:: TRY IT ::
Return the lines of the data below, from the one containing "Tiger, Lhasa Apso Mix Puppy" through the very last, exactly and with both ends included; no pictures.

:: DATA ::
========

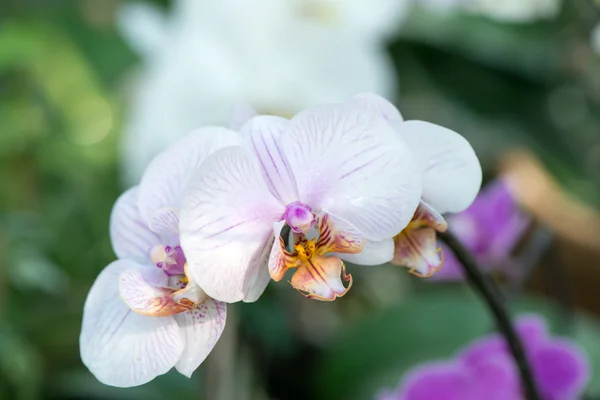 Purple orchid — Stock Photo, Image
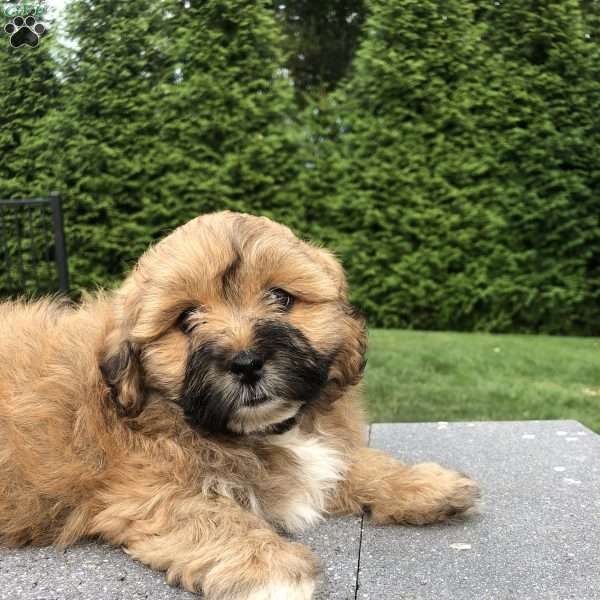Tiger, Lhasa Apso Mix Puppy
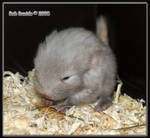 5 day's old Chinchilla's - 7 by Mellon-001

========

:: SOLUTION TO THE PROBLEM ::
Tiger, Lhasa Apso Mix Puppy
 5 day's old Chinchilla's - 7 by Mellon-001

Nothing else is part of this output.